HYPERHERD_TRIAL_NAME="lr-0.001_opt-adam_bs-64"  # set per-task
export HYPERHERD_TRIAL_NAME
OVERRIDES="experiment_name=$HYPERHERD_TRIAL_NAME learning_rate=0.001 optimizer=adam batch_size=64 data.root=/scratch/imagenet trainer.max_epochs=90"

# Invoke the user's launcher script
bash "<workspace>/launch.sh" "$OVERRIDES"

The actual generated script bakes the per-trial values directly into a case statement at submission time, so neither python nor the hyperherd package needs to be available on the compute node — only bash.

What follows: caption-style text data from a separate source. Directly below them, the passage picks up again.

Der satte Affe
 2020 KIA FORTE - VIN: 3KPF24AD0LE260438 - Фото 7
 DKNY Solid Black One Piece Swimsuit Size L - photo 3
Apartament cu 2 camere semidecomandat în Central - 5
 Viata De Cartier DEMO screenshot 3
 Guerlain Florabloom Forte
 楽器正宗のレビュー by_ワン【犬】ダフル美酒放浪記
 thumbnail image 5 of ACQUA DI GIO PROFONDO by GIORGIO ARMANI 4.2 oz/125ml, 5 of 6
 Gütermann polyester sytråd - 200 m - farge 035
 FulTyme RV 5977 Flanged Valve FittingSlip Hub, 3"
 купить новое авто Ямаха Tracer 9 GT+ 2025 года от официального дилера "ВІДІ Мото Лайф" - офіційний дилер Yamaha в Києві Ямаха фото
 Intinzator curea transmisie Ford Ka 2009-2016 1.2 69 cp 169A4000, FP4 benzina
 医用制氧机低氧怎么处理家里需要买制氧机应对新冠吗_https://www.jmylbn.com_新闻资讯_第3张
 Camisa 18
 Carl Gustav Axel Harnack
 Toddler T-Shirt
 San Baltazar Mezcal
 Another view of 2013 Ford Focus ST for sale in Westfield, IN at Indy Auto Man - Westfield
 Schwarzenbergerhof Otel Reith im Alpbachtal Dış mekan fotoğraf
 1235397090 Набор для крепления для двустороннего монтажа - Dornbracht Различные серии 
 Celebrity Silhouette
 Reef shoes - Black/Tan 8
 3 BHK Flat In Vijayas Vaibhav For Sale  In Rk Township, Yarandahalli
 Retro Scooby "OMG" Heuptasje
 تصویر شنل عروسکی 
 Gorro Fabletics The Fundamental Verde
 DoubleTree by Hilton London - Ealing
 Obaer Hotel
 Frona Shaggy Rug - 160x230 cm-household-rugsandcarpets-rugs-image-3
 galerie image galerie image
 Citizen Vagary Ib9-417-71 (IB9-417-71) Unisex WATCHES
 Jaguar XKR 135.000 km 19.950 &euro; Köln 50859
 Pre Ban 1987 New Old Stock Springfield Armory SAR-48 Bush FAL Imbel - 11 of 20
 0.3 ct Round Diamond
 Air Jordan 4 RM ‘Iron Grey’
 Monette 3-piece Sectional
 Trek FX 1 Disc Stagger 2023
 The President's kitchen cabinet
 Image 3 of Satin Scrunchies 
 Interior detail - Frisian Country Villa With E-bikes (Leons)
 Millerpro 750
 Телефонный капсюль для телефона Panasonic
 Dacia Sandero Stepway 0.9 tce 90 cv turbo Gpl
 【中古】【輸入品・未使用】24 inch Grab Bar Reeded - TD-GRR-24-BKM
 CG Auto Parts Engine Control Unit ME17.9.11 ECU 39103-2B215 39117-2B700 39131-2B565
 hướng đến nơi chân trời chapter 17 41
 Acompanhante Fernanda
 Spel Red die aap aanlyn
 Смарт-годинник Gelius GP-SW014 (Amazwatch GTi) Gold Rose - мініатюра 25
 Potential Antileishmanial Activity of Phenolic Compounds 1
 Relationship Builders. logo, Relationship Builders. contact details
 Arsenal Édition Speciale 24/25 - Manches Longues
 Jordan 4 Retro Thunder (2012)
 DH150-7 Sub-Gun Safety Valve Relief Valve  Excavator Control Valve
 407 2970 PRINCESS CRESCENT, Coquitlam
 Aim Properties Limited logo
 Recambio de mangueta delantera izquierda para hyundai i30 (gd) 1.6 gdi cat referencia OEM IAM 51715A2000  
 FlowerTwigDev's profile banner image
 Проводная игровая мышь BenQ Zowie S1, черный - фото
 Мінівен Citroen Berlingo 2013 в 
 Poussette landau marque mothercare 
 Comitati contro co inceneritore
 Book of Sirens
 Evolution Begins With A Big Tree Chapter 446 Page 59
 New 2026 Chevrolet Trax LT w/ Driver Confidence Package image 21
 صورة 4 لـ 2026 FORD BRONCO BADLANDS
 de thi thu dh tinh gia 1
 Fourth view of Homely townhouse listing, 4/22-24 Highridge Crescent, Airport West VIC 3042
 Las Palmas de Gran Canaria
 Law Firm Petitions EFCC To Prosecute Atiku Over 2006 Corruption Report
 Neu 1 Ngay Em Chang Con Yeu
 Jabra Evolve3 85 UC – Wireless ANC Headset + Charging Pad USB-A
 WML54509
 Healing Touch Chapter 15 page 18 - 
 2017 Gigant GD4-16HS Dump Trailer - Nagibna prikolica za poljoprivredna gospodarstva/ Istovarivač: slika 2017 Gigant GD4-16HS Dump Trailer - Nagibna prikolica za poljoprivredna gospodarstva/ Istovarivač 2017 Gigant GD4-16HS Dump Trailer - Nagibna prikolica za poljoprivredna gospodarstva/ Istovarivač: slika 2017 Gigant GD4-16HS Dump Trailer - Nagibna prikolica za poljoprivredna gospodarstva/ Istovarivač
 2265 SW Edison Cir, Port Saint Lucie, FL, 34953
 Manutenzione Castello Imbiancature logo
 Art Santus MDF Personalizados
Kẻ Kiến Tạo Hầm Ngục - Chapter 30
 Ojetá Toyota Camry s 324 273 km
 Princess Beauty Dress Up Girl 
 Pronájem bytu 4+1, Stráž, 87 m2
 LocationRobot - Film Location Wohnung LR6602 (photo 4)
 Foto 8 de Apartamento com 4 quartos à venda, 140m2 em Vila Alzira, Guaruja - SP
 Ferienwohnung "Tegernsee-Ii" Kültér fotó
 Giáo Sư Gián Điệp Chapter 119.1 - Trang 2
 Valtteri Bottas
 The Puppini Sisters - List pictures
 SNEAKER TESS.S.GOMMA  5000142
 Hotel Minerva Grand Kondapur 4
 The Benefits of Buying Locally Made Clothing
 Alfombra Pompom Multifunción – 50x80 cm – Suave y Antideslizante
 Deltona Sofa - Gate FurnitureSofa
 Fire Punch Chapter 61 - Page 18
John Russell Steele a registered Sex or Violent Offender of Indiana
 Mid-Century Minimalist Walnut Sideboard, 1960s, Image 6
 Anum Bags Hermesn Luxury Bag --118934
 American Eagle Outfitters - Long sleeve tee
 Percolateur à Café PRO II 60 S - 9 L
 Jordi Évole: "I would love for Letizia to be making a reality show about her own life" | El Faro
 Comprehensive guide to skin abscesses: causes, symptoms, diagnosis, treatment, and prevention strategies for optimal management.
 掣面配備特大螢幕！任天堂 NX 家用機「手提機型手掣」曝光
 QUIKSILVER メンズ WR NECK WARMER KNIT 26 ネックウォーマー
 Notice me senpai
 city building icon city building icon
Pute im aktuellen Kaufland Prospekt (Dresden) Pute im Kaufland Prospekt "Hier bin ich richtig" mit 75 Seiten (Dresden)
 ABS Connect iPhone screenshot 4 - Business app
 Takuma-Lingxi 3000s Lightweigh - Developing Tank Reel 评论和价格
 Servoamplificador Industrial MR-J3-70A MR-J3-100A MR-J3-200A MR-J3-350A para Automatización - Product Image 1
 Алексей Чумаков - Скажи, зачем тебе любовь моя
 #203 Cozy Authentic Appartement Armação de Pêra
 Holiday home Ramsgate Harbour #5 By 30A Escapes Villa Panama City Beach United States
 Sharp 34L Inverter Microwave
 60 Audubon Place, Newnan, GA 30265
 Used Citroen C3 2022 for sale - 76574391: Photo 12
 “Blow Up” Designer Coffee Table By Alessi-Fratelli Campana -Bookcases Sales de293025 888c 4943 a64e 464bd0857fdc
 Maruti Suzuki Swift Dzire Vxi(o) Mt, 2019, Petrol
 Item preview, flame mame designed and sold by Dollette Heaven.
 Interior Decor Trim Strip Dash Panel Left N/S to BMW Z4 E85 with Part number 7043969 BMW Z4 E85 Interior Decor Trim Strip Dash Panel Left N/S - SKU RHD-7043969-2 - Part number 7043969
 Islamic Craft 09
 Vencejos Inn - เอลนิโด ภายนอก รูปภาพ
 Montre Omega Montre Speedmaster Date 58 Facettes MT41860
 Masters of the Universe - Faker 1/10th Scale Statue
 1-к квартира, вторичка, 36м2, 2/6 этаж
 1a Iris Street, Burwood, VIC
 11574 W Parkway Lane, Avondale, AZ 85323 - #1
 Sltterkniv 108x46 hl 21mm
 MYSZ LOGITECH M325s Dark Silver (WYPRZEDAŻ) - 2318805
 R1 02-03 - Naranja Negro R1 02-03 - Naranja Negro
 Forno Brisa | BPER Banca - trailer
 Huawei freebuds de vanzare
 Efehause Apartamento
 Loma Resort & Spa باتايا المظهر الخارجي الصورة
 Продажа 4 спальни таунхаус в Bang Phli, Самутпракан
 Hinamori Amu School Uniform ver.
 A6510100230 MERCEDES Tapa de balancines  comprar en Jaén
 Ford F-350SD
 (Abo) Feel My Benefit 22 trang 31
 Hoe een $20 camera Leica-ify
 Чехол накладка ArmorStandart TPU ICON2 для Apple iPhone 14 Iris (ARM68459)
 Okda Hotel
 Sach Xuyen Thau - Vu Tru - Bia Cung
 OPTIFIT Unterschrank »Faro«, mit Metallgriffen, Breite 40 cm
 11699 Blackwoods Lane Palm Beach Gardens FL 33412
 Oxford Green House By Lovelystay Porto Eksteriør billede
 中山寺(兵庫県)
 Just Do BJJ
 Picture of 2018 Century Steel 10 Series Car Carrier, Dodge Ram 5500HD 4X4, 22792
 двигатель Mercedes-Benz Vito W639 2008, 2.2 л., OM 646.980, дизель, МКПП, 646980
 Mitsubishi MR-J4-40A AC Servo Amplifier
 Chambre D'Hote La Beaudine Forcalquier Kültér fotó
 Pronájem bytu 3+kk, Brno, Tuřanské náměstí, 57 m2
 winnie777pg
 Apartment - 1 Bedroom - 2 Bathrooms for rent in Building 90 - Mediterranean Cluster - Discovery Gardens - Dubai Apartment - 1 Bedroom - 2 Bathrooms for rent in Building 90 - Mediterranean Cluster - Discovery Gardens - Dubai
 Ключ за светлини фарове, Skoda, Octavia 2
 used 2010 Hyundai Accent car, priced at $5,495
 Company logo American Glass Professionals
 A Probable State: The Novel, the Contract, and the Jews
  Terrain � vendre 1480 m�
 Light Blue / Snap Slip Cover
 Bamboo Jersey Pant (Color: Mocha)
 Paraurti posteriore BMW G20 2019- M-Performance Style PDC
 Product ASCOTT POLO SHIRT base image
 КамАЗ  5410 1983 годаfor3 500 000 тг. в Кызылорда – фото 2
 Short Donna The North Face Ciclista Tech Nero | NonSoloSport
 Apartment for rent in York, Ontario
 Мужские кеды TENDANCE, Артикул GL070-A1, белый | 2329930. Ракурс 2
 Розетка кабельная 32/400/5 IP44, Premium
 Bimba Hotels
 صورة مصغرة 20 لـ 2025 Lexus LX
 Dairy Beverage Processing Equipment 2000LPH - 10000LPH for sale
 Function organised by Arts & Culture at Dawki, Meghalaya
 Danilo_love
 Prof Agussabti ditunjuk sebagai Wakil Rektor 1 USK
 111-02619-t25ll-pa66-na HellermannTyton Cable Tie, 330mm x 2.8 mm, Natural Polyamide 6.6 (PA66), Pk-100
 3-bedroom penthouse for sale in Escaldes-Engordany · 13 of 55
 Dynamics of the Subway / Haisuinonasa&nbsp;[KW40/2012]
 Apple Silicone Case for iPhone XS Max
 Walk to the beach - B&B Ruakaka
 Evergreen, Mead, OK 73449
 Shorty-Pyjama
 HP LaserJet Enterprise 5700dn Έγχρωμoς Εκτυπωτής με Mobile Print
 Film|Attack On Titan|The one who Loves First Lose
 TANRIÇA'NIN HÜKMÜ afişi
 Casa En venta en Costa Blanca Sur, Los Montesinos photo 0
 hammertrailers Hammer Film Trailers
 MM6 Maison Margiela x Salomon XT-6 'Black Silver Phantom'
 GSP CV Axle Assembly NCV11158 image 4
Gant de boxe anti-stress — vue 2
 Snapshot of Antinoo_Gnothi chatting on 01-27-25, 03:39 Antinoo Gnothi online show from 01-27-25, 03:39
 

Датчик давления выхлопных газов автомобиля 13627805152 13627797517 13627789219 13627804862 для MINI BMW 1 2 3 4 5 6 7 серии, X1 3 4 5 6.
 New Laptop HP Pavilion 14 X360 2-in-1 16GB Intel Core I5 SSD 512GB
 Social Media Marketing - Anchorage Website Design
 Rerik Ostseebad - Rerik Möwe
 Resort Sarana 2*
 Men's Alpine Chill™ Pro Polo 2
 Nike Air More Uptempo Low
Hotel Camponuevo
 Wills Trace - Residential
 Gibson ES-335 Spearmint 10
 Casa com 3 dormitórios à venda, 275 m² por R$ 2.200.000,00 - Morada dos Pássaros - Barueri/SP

Re-running and reconciliation

herd run against an existing workspace:

  1. Loads the existing manifest.
  2. Generates the new manifest from the current hyperherd.yaml.
  3. Diffs them.
  4. New trials are appended.
  5. Removed trials:
    • If their status is in (submitted, queued, running, completed), herd run refuses unless you pass -f (in which case they're kept as orphans for traceability).
    • Otherwise they're dropped.
  6. Submits all ready / failed / cancelled trials.

This means you can edit your sweep mid-experiment (add a new parameter value, tighten a condition) without losing already-completed trials.